Pansel nantinya akan memilih berdasarkan seluruh rangkaian tes. Hasil dari keseluruhan tes akan dikombinasikan ditambah data-data seperti rekam jejak. Semua itu nanti akan menjadi bahan pertimbangan Panitia.
Menurutnya keputusan ini bukan hanya dipengaruhi oleh nilai tes. Namun juga mempertimbangkan catatan-catatan lain. Aspek lain seperti kejiwaan misalnya, menurut Hamdi, akan sangat mempengaruhi. Bisa jadi nilai baik dapat dipotong akibat, aspek-aspek itu.
“Nilai itu masalah indeks metodologi loh. Kadang kalau melakukan indexing nilainya kadang-kadang misal total skor 300 dimulai dari 200 sampai kisaran 700 tapi itu kan meaningless,” ucap dia.
Panitia akan memilih sepuluh dari peserta yang ada. Sesuai dengan Pasal 30 Ayat 7 poin 2 Undang-undang Nomor 30 Tahun 2002 Tentang KPK bahwa panitia seleksi menyampaikan sebanyak dua kali dari jumlah jabatan yang ditentukan.
Nantinya nama-nama ini akan diberikan kepada Presiden pada 2 September 2019, dan Presiden menyerahkannya kepada Dewan Permusyawaratan Rakyat. DPR lalu menetapkan lima di antara sepuluh nama tersebut.

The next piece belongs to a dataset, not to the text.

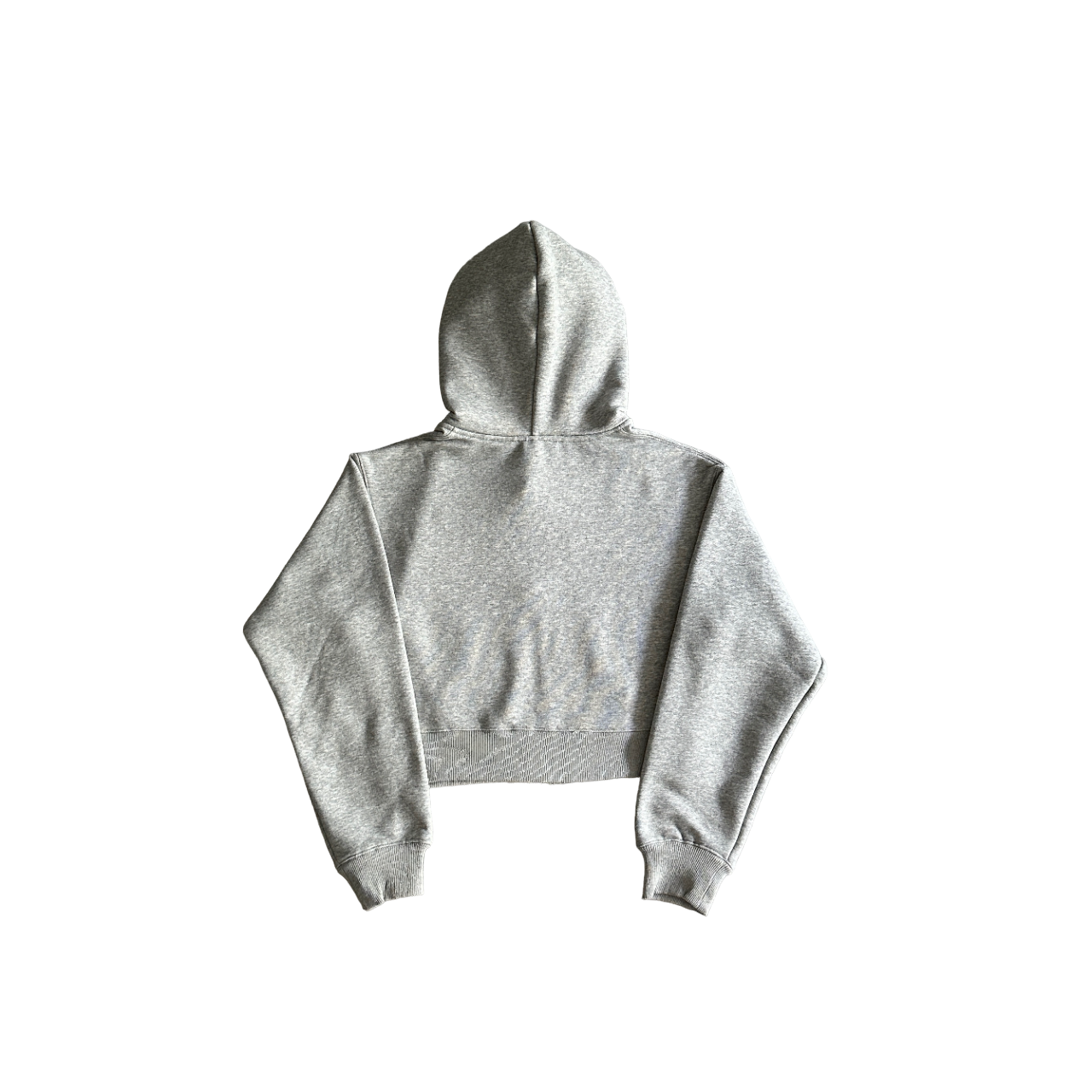 Broken Planet Basic Cropped Zip Hoodie - (GREY)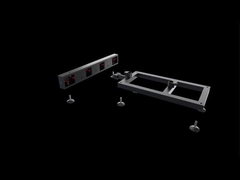 Vermietung LED-Display Installation von Sockel und Halterung-1 25s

“Kami berharap tanggal 31 Agustus kami sudah dapat sepuluh (orang) dan tanggal 2 September, sepuluh (orang) itu kami serahkan ke presiden. Kemudian tergantung presiden mau nyampaikan namanya atau langsung presiden ke DPR,” tutur Ketua Pansel, Yenti Garnasih.